В тех обстоятельствах беседы втроем с Болониным и Радченко носили характер почти что заговора. Чистосердечно глядя мне в глаза, они уверяли меня, что оба коммунисты. Но это как–то не очень убеждало меня. Шли месяцы, Радченко регулярно снабжал меня сатирическим журналом «Огонек», изданием в своем роде единственным. Если инженер меня не заставал, он оставлял журнал дежурному офицеру с просьбой передать его мне как можно скорее. Некоторые статьи мы потом долго обсуждали. У них было некое единое видение мировой ситуации. Вторая мировая война была давно закончена, уже три года тому назад. Американцы — в этом у них не было ни тени сомнения — рвутся к мировому господству. Но у них, русских, свои представления на этот счет. «Война — капут!», она осталась позади. Через три — пять лет у Германии будет свое правительство, а ее значение в мире будет из года в год возрастать.

Они в несколько завуалированной форме передавали через меня своего рода послание на родину: тесное сотрудничество Советского Союза и Германии пойдет на пользу обоим народам. Они часто говорили: «Приходите снова друзьями». Это же, впрочем, нередко повторяли простые русские в разговорах с военнопленными. Ненависть военных лет растворялась в надеждах на совместное будущее. Вновь и вновь слышалось: Россия и Германия в союзе — это изменит мир, будет на пользу всему миру.

[Временами у меня складывалось впечатление, что они даже доверяли мне своих дочерей и даже позволили бы увезти их в Германию, все равно кого, настолько пришелся им по нраву я, пленный офицер, который так хорошо владел их языком и был почти одним из них.
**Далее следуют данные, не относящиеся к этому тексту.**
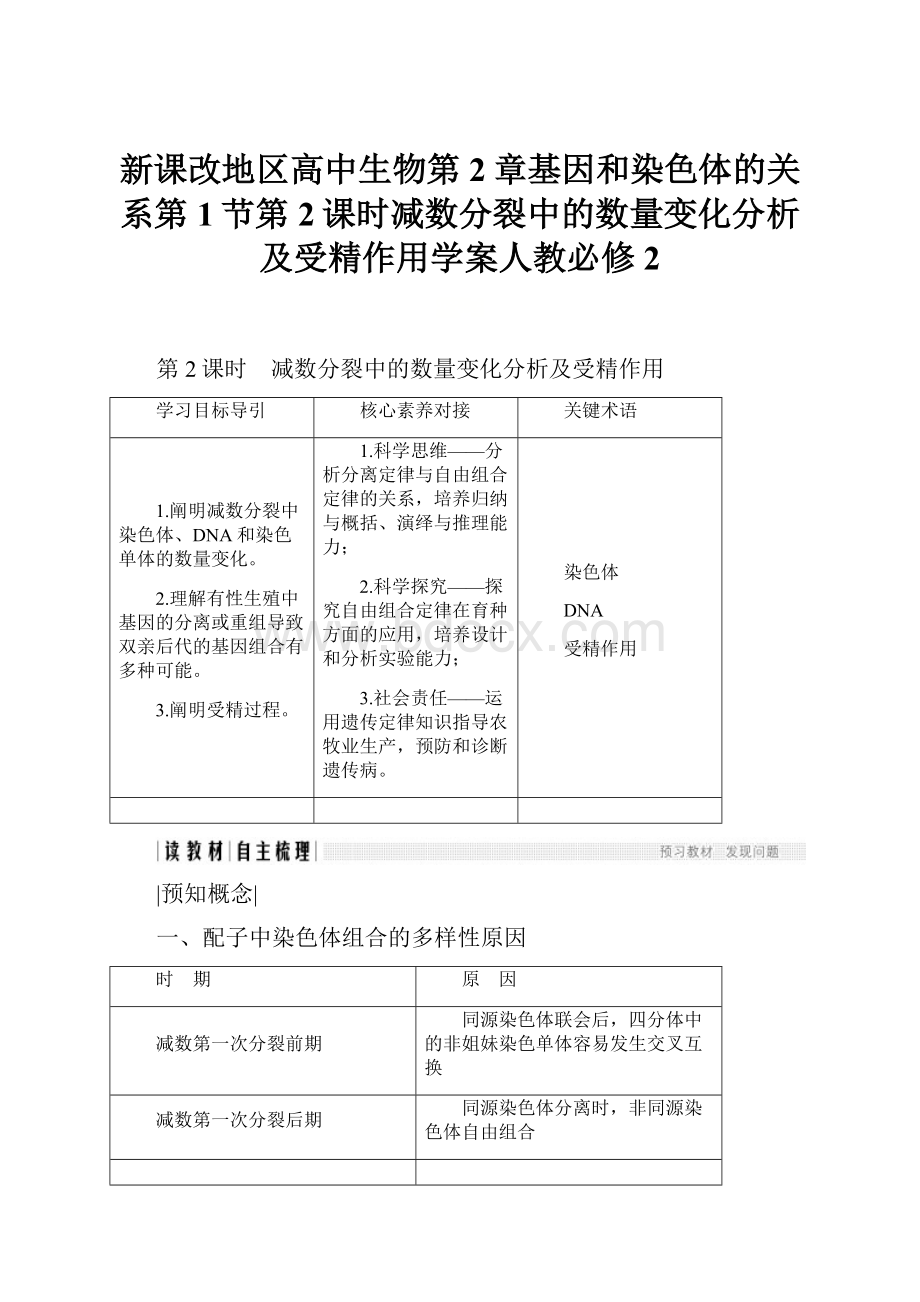 新课改地区高中生物第2章基因和染色体的关系第1节第2课时减数分裂中的数量变化分析及受精作用学案人教必修2.docx_第1页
Но может быть, в тогдашнем моем положении это было лишь ошибочное, совершенно неправильное представление? Может быть, надежда на то, что все когда–то хорошо закончится, в том числе и этот плен?

Когда в начале марта 1949  г. солнце побаловало север Восточной Пруссии первым теплом, а мы снова пили чай втроем у Болонина, оба всерьез взялись за меня. «Ты скоро снова будешь в Германии, — сказал Болонин. — Тебе надо выполнить поручение. Ты не дурак. Если у вас снова будет правительство, тебе надо будет рассказать о впечатлениях, которые ты у нас получил, о своем личном опыте. Тебе надо это сделать, рассказать правду — это в интересах твоей страны. А мы хотим мира с вами, сотрудничества, дружбы, понимаешь ты, как у нас здесь! Дружбы. Ты должен попытаться связаться с теми, кто у власти, и сказать им, что необходимо в интересах наших стран». «Но, — возразил я, — я ведь не коммунист». «Ну что ты за чушь несешь? — сказал Болонин. — Ты должен приехать к себе на родину демократом. Не надо тебе становиться коммунистом, дубина ты этакая!» «Черт возьми!»